3. Dans une autre acception la foi se dit de la confiance que l'on a dans l'accomplissement d'une chose, de la certitude d'atteindre un but ; elle donne une sorte de lucidité qui fait voir, dans la pensée, le terme vers lequel on tend et les moyens d'y arriver, de sorte que celui qui la possède marche pour ainsi dire à coup sûr. Dans l'un et l'autre cas elle peut faire accomplir de grandes choses.
La foi sincère et vraie est toujours calme ; elle donne la patience qui sait attendre, parce qu'ayant son point d'appui sur l'intelligence et la compréhension des choses, elle est certaine d'arriver ; la foi douteuse sent sa propre faiblesse ; quand elle est stimulée par l'intérêt, elle devient furibonde, et croit suppléer à la force par la violence. Le calme dans la lutte est toujours un signe de force et de confiance ; la violence, au contraire, est une preuve de faiblesse et de doute de soi-même.
4. Il faut se garder de confondre la foi avec la présomption.
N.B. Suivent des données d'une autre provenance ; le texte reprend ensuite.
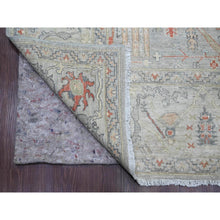 Load image into Gallery viewer, 8&#39;1&quot;x9&#39;10&quot; Medium Gray, Peshawar with Bijar Garus Design, Hand Knotted, High Mountain Wool, Vegetable Dyes, Densely Woven, Oriental Rug FWR122790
La vraie foi s'allie à l'humilité ; celui qui la possède met sa confiance en Dieu plus qu'en lui-même, parce qu'il sait que, simple instrument de la volonté de Dieu, il ne peut rien sans lui ; c'est pourquoi les bons Esprits lui viennent en aide. La présomption est moins la foi que l'orgueil, et l'orgueil est toujours châtié tôt ou tard par la déception et les échecs qui lui sont infligés.
5. La puissance de la foi reçoit une application directe et spéciale dans l'action magnétique ; par elle l'homme agit sur le fluide, agent universel ; il en modifie les qualités, et lui donne une impulsion pour ainsi dire irrésistible. C'est pourquoi celui qui, à une grande puissance fluidique normale, joint une foi ardente, peut, par la seule volonté dirigée vers le bien, opérer ces phénomènes étranges de guérisons et autres qui jadis passaient pour des prodiges, et ne sont cependant que les conséquences d'une loi naturelle. Tel est le motif pour lequel Jésus dit à ses apôtres : si vous n'avez pas guéri, c'est que vous n'aviez pas la foi.